The sheer abundance of data points created almost limitless potential for invoicing issues to arise. Each represents an opportunity for misunderstandings, miscommunications and human errors.
“Nobody was doing anything on purpose,” Lalonde said. “In the end, dollars weren’t matching.”
Walmart Canada, the Canadian division of the global retail giant, is one of the largest truckload shippers in the country. It works with around 60 outside carriers to move millions of pounds of freight annually.
Lalonde has overseen carrier partnerships since joining Walmart Canada in 2018. After his first introductory calls with carrier executives, payment issues became a common thread.
As Lalonde and his team investigated further, it became clear that the payment issue represented something more than something aggravating the carriers. It was creating enormous amounts of additional work for the company and carriers alike without generating value.
“It was leaving dollars on the table,” Lalonde said.
The chronic payment issues also hung over carrier relationships. “It’s complicated to manage that if you haven’t paid the carriers on time,” he noted.
Walmart Canada decided it wanted to tackle the problem aggressively. That decision coincided with Walmart Canada’s CA$3.5 billion ($2.75 billion) expansion, which includes new distribution centers and supply chain upgrades.
“We want to build a world-class supply chain,” Lalonde said.
Rather than “leapfrog from old technology to old technology,” Lalonde continued, the company wanted to implement something transformational. It found it with DLT Labs’ platform based on blockchain technology.
Blockchain platform provides ‘single source of truth’ for shippers and carriers
The underlying technology behind blockchain is complicated in technical terms. But at its core, blockchain allows parties to transact through a shared ledger with ultra-high security.
DLT Labs specializes in blockchain-based solutions at the enterprise level. It worked closely with Walmart Canada to deploy and scale its freight payments platform, DL Freight.
The use of carriers’ existing systems is key to DL Freight’s smooth implementation. The platform serves at the bridge between carriers and Walmart Canada, providing a single ledger with consistent data.
“There’s nothing to fight over if there’s a single source of truth,” Owen said.
Invoices get paid and processed automatically. Discrepancies — when they do occur — are flagged for correction.
DLT platform becomes national standard for Walmart Canada carrier payments
Started as a pilot program, the platform now serves as the national standard for Walmart Canada carrier invoicing and payments. Meanwhile, the company is exploring additional ways to leverage DLT’s platform to improve load visibility.
DL Freight can handle a wide array of data inputs from internet of things (IoT) devices. It opens the door for real-time sharing and transparency on pressure points such as temperature-controlled freight and detention issues.

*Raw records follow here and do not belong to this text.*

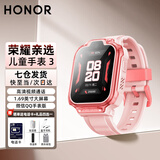 荣耀亲选儿童电话手表3视频通话精准定位微信QQ手表版移动支付4G全网通大屏幕拍照男孩女孩学生腕表Pro 儿童手表3【钻石粉】晒单送电话卡+晒图礼品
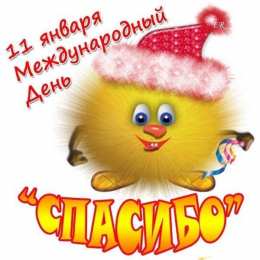 Открытки с Всемирным днём спасибо Открытки с Всемирным днём спасибо скачать бесплатно gif.    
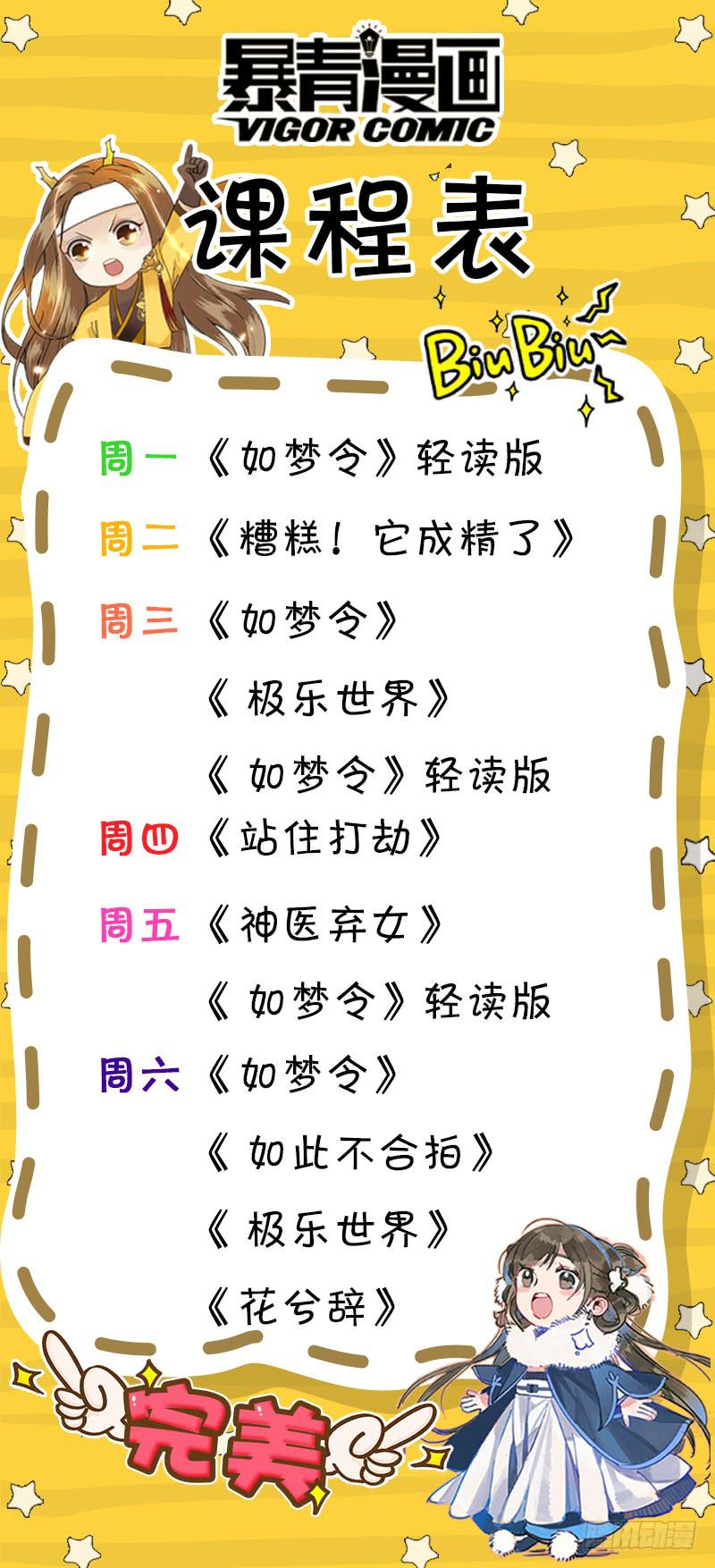 🍴极乐世界 351 第14页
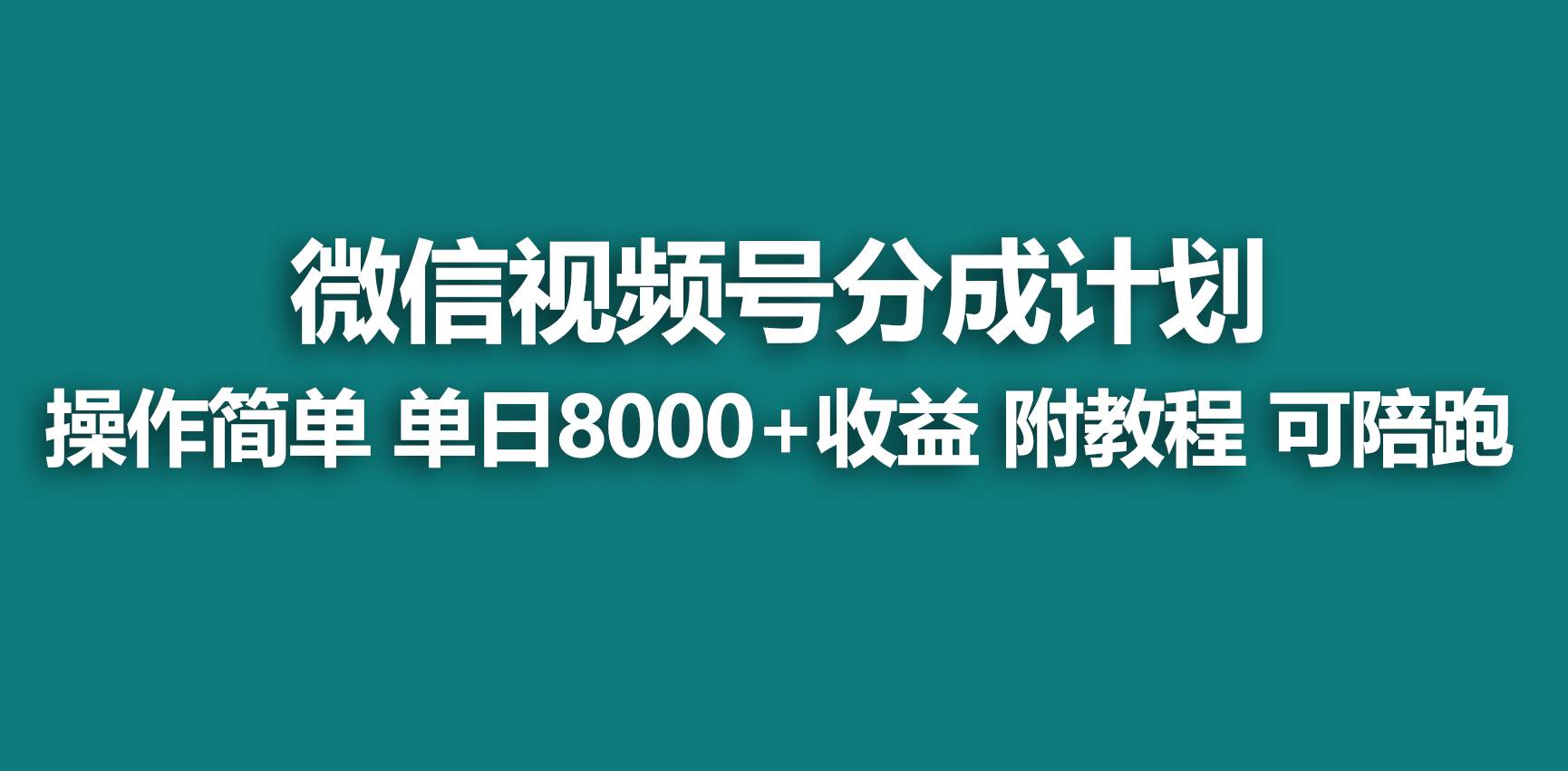 【蓝海项目】视频号分成计划，快速开通收益，单天爆单8000+，送玩法教程-廉价云资源网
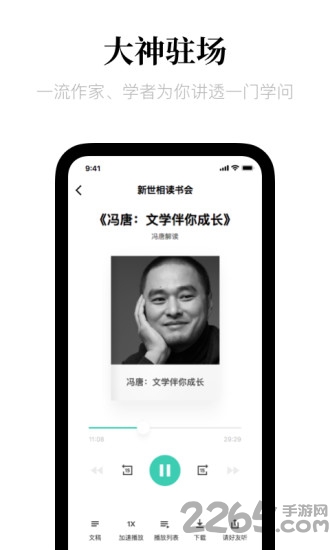 新世相读书会app截图2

DLT Labs is now looking to court other companies to adopt DL Freight after the successful implementation at Walmart Canada.
“It’s a completely new paradigm for managing information and managing it securely,” Owen said.
Walmart Canada and DLT Labs’ efforts with blockchain are also getting attention. The Council for Supply Chain Management Professionals named them as a finalist for its Supply Chain Innovation Award.